Americans developed a myth that a temporary, minor troop escalation of 30,000 and some counter-insurgency measures worked to tamp down the violence. It is always all about us. But in fact, the ethnic cleansing of mixed neighborhoods just eventually ran out of steam. Shiite militias ran out of Sunnis to kill once most of them had fled the neighborhood for west Baghdad, Mosul or Syria and Jordan.

There is no prospect whatsoever that US ground troops could make the slightest difference to Syria’s civil war. And in fact, Daesh would gain enormous prestige by taking on the troops of the superpower on its own terrain. It would snipe them, set roadside bombs, ambush them, and capture, torture and humiliate them. And the resulting publicity (at which Daesh is very good) would attract fighters to their cause. Many Syrian rebels would rally around the newly anti-imperialist caliphate, and angry young men would flock there to take the Marines down a peg. We have seen this picture before, and have over 4,000 dead soldiers and some 30,000 more significantly injured to show for it. What we don’t have to show for it is a success in Iraq, and nor would we in Syria.

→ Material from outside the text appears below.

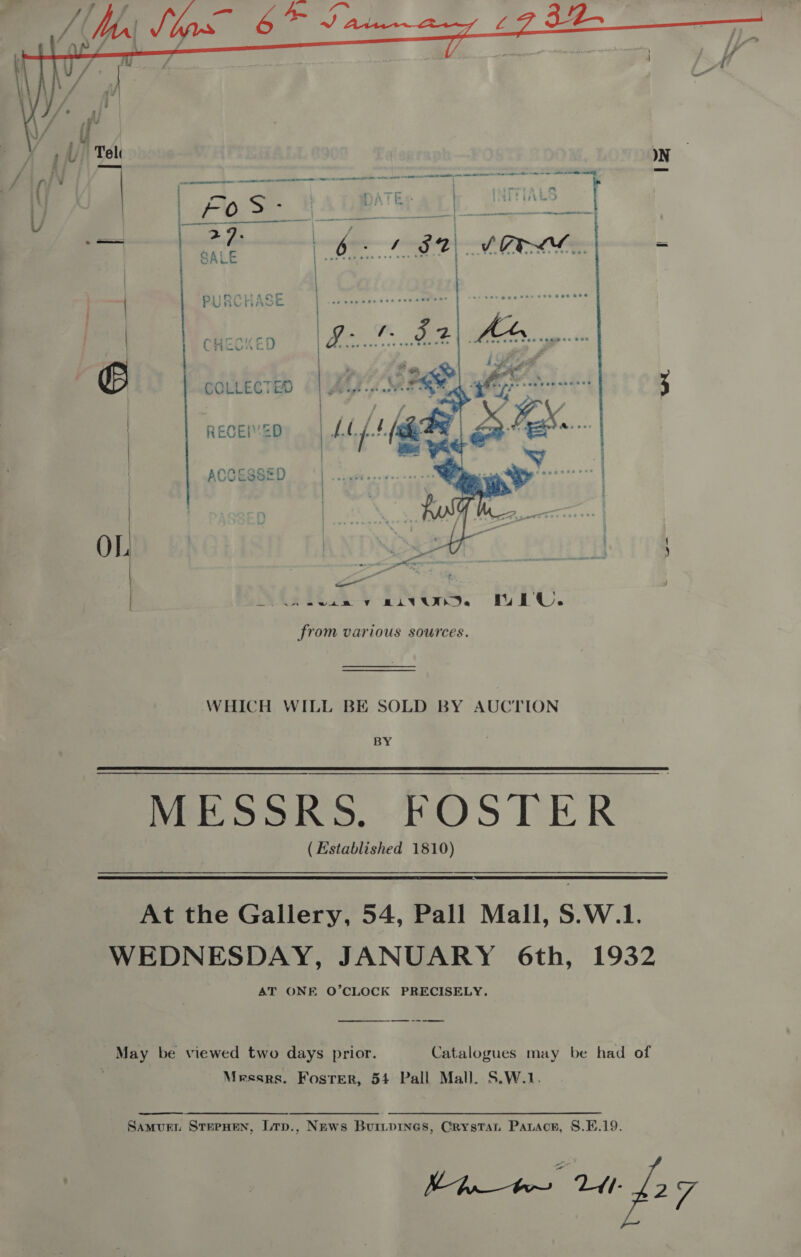  COLLECTED RECEI’2D ACCESSED vies y civ. hiv. from various sources. WHICH WILL BE SOLD BY AUCTION BY MESSRS. FOSTER ( Established 1810) At the Gallery, 54, Pall Mall, S.W.1. WEDNESDAY, JANUARY 6th, 1932 AT ONE O’CLOCK PRECISELY. May be viewed two days prior. Catalogues may be had of | Messrs. Foster, 54 Pall Mall. S.W.1.  SaAmvurEL SterHeN, Lrp., News Buriprnes, Crystat Parace, 8.K.19. Minter td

The US infantry is a blunt instrument. It can win against another conventional army. But it has seldom had much success in colonial guerrilla wars (and indeed no one has– the French lost Algeria and Vietnam, the British lost Kenya and India, the Italians lost Libya and Eritrea, etc., etc.) In an age of C4 plastic explosives, Manpads, TOW missiles, RPGs, etc., nationalist guerrillas given refuge by local populations can always take an unacceptable toll on a democratic government that undertakes a neocolonial adventure.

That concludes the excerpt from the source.